FINE GAEL:FINE GAEL has published plans to create 100,000 jobs over five years by helping business and eliminating bureaucracy and red tape.
The plan provides for tax freezes and reductions for many firms, heavy investment in water and communications infrastructure and measures designed to coax people off social welfare and back to work.
Jobs and economic planning spokesman Richard Bruton said the plan aimed to keep people working in Ireland, make it easier to start up a new business and help Irish businesses sell globally.
The party also revealed it would implement almost €2.60 in spending cuts for every €1 it raises in higher taxes to plug the country’s deficit.
Some 72 per cent of the savings the party plans to make would come from spending cuts, compared to 28 per cent from tax increases, according to Mr Bruton.
This approach marks a departure from the party’s previously stated aim of implementing three times as much in cuts as in extra taxes. It also moves Fine Gael closer to the position of its prospective coalition partner Labour, which is proposing 50 per cent cuts and 50 per cent taxes, or a ratio of 1:1.
Mr Bruton said the balance he was proposing, which comes out at a ratio of 2.57:1 between cuts and taxes, was vital because any imposition of higher taxes would cause a recovery plan to fail and kill jobs.
The Government is currently pursuing a ratio of 2:1.

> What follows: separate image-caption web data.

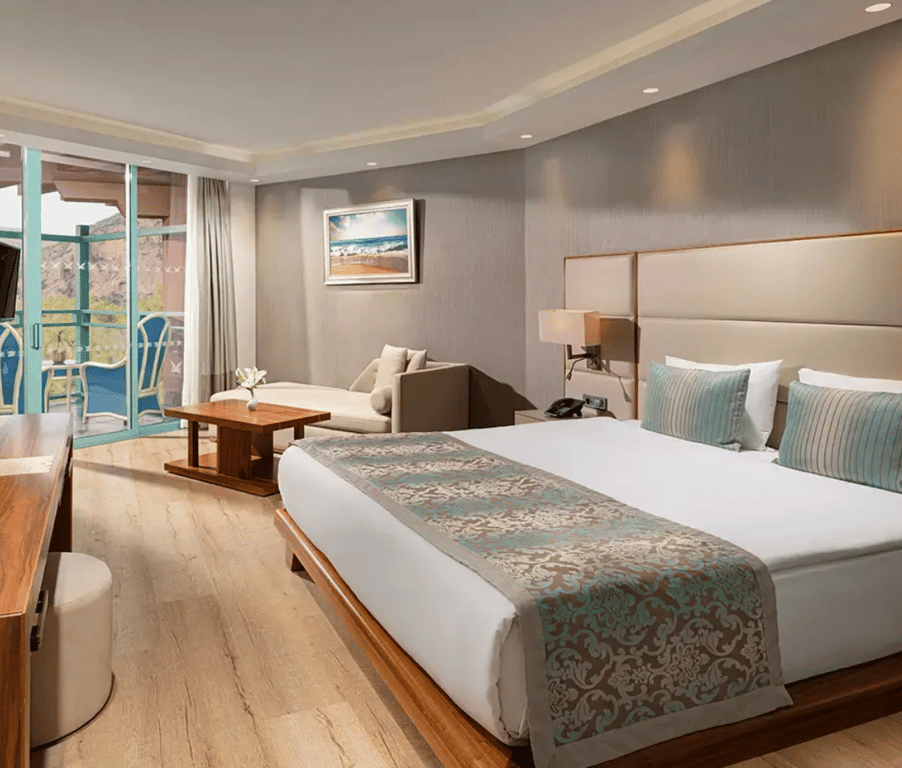 Interior of the Liberty Sentido Deluxe Standard Land Side room with a king-size bed, decorative pillows, a sofa, and a balcony view.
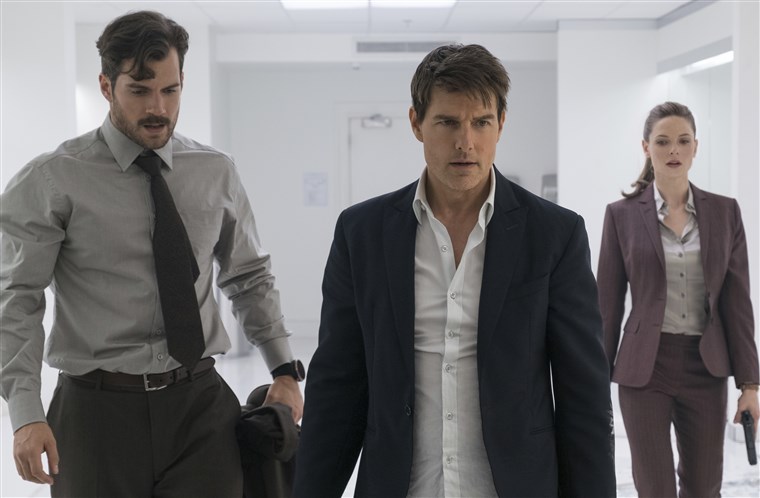 Henry Cavill, Tom Cruise, and Rebecca Ferguson looking exhausted, recover from a bathroom fight scene in MISSION: Impossible - Fallout.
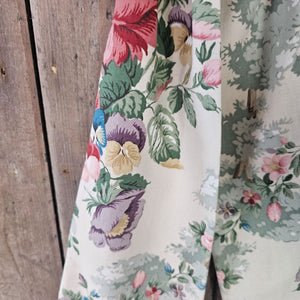 Floral bow featuring old-world charm with a natural cream base.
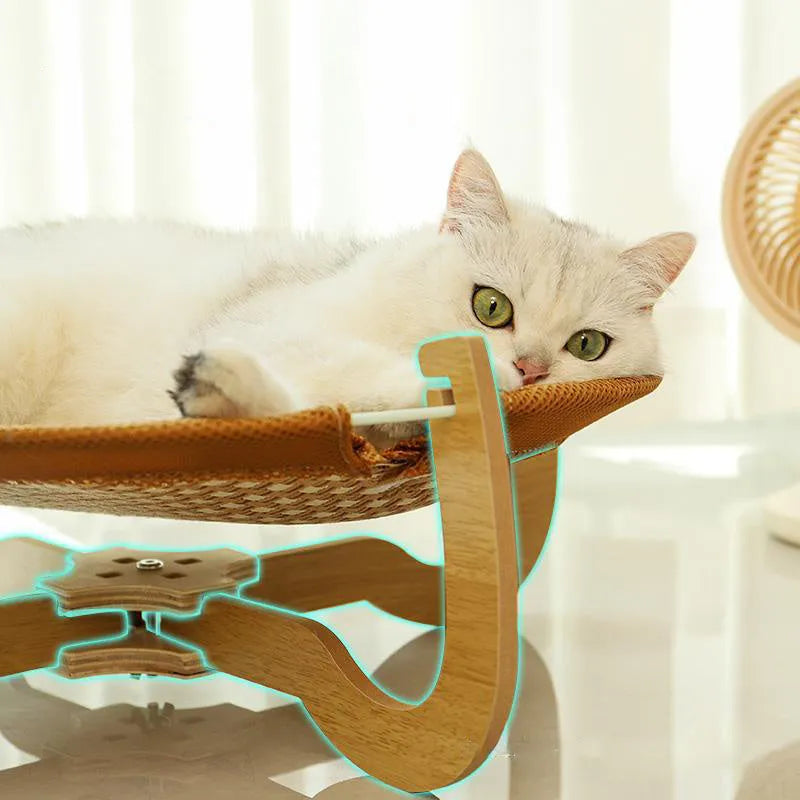 Brown woven rattan pet hammock bed for cats and dogs on a cool mat.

Mr Bruton was speaking yesterday with party leader Enda Kenny and energy and natural resources spokesman Leo Varadkar at the launch of a document outlining Fine Gael’s jobs strategy.
Mr Kenny hinted that Fine Gael may propose a cut in the universal social charge for low earners. He said it was currently costing proposals with the Department of Finance, and would announce its plans next week.
Fine Gael is promising not to increase income tax or taxes on job-creating activity, and to cut PRSI for the lower-paid
The document, Working for our Future, proposes investing €7 billion in water infrastructure, broadband and energy.
This would be funded by money from the National Pension Reserve Fund and by selling off €4 billion in “non-strategic” State assets, including Bord Gáis and the ESB power-generation arm.
Mr Kenny said these assets would only be sold at the right time to raise money in the national interest.
The plan also provides for the creation of 45,000 placements for college interns who would be paid entry rates, work 20 hours a week and receive a €3,000 bursary for further training. Over 17,000 places would be provided in second-chance education but unemployed under-25s would have to keep a jobs diary and could be penalised for rejecting training or job offers.
Mr Kenny denied that Fine Gael was hiding behind Fianna Fáil policies introduced in the budget. He said Minister for Finance Brian Lenihan could “least afford” to criticise his party’s figures because “none of his stood up”.
Mr Varadkar said it was “a bit rich” for Fianna Fáil to criticise his party for increasing the high rate of VAT when it intended doing the same thing over two years.
He claimed Labour’s fiscal policy was the most deflationary of all the parties because it relied most on tax increases.
Mr Kenny was asked about comments made by former Fine Gael minister Gemma Hussey, who said on Wednesday that the party should have changed leader last year and would now be heading for an overall majority if it had.
Mr Kenny replied that his former government colleague was out of politics and “she should stay out of politics” and keep her counsel. Ms Hussey had had her day, and should remember the difficulties she had when she was minister for education and the help he had given her at that time.